In our view, regulated energy businesses - electricity and gas transmission and distribution - face lower political risk given that current regulatory periods for these activities run until 2019 and 2020, respectively. We also see the natural gas sector being less exposed to political risk as the promotion of natural gas in the country is an important lever to reach European decarbonisation targets - a view that is generally shared by all political parties.

Fitch views energy reforms, mostly implemented under the Partido Popular (PP) government, as positive for the sustainability and predictability of the gas and electricity sectors despite cuts to the remuneration of utility companies. While those could now be subject to further parliamentary discussion, we see limited risk of them being reversed in the short term given the solid legal framework underpinning these reforms (ie parliamentary majority approval would be required to revoke them) and the demonstrated success on the resolution of structural tariff deficits in Spain.

However, we see potential intervention on specific issues (for example in distributed generation or vulnerable customers) where there could be less acceptance of current legislation or where reviews are pending (ie wholesale market review, national coal plants subsidies, capacity payments, generation taxes or nuclear phase-outs).

The Podemos party supports the most radical energy proposals, including 100% renewable generation capacity by 2050 (ahead of EU targets), gradual coal and nuclear plants closure, derogation of the current utility-friendly royal decree on distributed generation, higher benefits for vulnerable customers (with additional costs borne by utilities) and the end of "windfall revenues" for hydro and nuclear plants. We see most of these proposals as negative for utility companies' cash flows. However, we believe that the Podemos party (20% of the seats in Parliament) would compromise in the event of a coalition government being formed.
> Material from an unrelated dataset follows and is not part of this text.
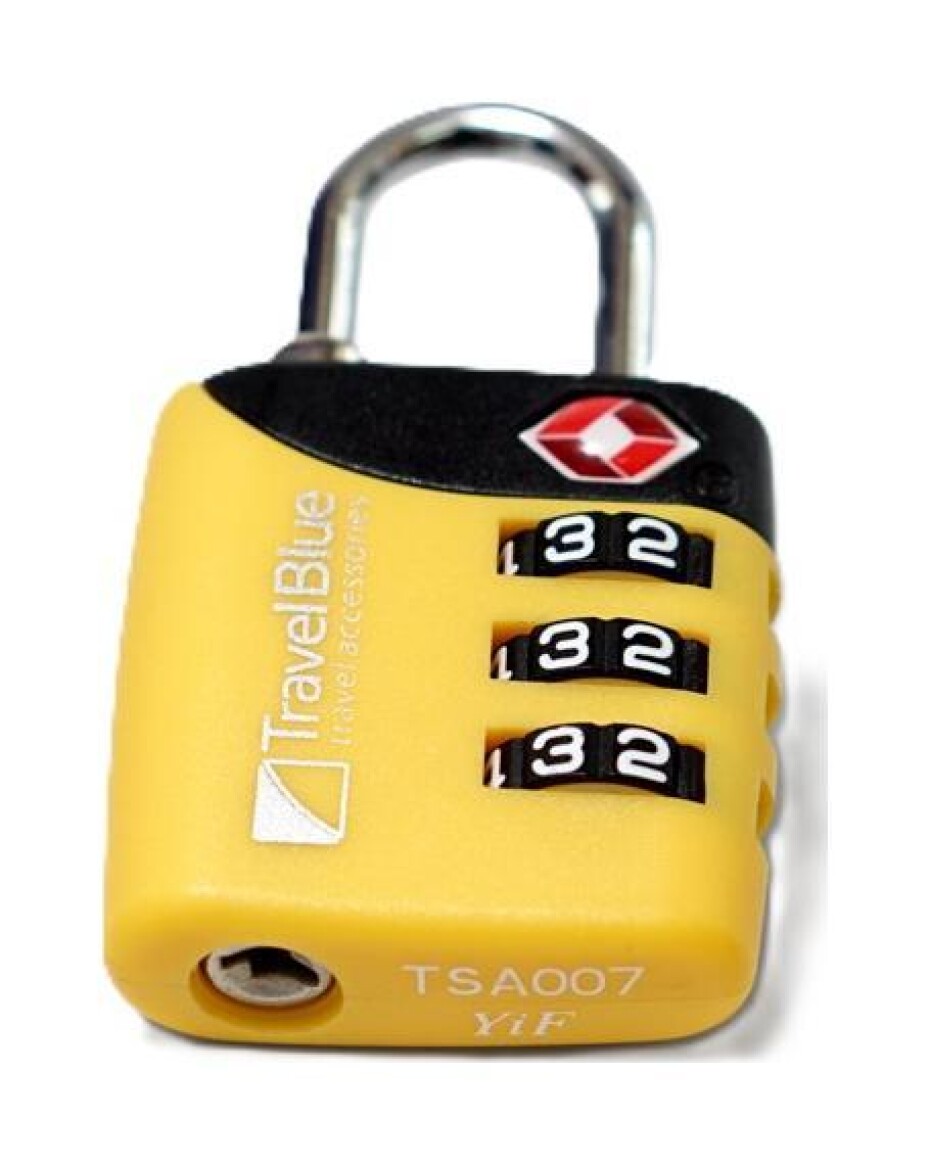 Travel Blue Combi TSA Lock Yellow - main (0)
Over the long-term, Fitch would look for Spain to define an energy policy that includes a road map to accomplish (or exceed) EU targets on renewables generation, accompanied by adequate remuneration frameworks to attract investments and adequate guarantees for security of supply. We continue to focus on new developments that may threaten the resolution of the tariff deficit in the sector.

If all attempts to form a new governmentby May fail, a new election would be called in June. If a June election re-run fails to deliver a decisive outcome, protracted uncertainty could damage economic confidence, reverse the current benign macro-fiscal dynamics and delay pending regulatory issues, resulting in a worsening operating environment for utilities.